** SUPPLIED RECORDS follows **

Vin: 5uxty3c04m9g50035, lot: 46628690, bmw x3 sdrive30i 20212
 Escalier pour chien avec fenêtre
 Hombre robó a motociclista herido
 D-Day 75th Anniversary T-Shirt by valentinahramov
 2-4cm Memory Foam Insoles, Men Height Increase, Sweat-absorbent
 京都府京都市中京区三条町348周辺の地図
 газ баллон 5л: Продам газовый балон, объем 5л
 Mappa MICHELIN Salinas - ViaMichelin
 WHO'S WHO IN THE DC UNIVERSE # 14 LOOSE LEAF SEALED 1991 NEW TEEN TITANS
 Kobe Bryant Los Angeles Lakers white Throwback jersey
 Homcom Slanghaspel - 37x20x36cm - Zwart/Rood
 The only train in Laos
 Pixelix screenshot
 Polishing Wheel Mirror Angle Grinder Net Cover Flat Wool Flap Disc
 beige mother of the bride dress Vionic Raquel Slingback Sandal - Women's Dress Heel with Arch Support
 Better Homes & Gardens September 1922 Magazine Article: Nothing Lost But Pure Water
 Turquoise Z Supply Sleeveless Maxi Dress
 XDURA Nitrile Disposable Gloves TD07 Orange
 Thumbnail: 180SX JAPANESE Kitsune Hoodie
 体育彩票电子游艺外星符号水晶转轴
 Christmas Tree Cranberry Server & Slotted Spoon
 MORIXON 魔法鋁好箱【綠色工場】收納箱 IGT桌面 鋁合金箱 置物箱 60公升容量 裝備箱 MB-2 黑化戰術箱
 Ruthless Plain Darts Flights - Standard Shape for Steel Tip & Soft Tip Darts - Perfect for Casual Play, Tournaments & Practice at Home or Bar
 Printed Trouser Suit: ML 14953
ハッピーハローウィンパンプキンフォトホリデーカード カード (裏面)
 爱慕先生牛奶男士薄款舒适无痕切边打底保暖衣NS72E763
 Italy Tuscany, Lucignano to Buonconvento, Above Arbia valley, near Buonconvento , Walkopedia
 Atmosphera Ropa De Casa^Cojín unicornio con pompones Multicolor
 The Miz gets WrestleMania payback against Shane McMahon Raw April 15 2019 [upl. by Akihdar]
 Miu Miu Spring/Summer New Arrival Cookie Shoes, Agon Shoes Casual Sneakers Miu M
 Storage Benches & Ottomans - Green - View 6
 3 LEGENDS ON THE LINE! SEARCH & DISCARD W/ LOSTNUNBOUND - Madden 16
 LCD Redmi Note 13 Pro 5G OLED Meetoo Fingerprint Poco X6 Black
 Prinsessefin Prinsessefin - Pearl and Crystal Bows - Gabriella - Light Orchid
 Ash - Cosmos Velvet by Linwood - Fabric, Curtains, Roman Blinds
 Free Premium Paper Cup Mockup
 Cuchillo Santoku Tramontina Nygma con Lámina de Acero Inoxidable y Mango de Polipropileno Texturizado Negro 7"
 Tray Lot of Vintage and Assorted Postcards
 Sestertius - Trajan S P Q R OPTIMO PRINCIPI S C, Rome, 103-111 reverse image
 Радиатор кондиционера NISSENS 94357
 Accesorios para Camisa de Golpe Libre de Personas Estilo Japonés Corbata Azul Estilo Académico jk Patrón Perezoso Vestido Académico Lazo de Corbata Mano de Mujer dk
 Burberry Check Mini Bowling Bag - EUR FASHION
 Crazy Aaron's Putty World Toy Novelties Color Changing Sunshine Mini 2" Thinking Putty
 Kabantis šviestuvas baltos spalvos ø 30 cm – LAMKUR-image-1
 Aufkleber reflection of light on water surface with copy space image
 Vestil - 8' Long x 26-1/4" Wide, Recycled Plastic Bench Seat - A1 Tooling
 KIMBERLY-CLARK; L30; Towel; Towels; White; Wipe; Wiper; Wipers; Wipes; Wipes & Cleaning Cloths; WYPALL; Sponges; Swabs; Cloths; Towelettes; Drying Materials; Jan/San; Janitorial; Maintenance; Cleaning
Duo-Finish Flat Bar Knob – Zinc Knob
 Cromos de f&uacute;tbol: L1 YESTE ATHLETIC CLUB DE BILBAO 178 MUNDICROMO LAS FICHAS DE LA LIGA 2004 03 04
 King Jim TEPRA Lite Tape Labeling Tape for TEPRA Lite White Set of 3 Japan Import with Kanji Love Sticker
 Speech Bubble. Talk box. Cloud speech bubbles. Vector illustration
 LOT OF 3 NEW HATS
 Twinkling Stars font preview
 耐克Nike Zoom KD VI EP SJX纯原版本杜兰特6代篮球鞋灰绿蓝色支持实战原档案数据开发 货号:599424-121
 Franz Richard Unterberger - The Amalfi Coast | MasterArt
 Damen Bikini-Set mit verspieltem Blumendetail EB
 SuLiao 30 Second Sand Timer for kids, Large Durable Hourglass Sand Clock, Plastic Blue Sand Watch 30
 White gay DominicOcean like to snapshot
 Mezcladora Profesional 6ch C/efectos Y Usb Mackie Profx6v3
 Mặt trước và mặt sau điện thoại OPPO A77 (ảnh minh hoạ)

** End of SUPPLIED RECORDS **

> TASK DETAILS:
From the listing above, report the number of lines containing the string "Plastic", without any accompanying remarks.

> RESULT FOR THIS EXERCISE:
2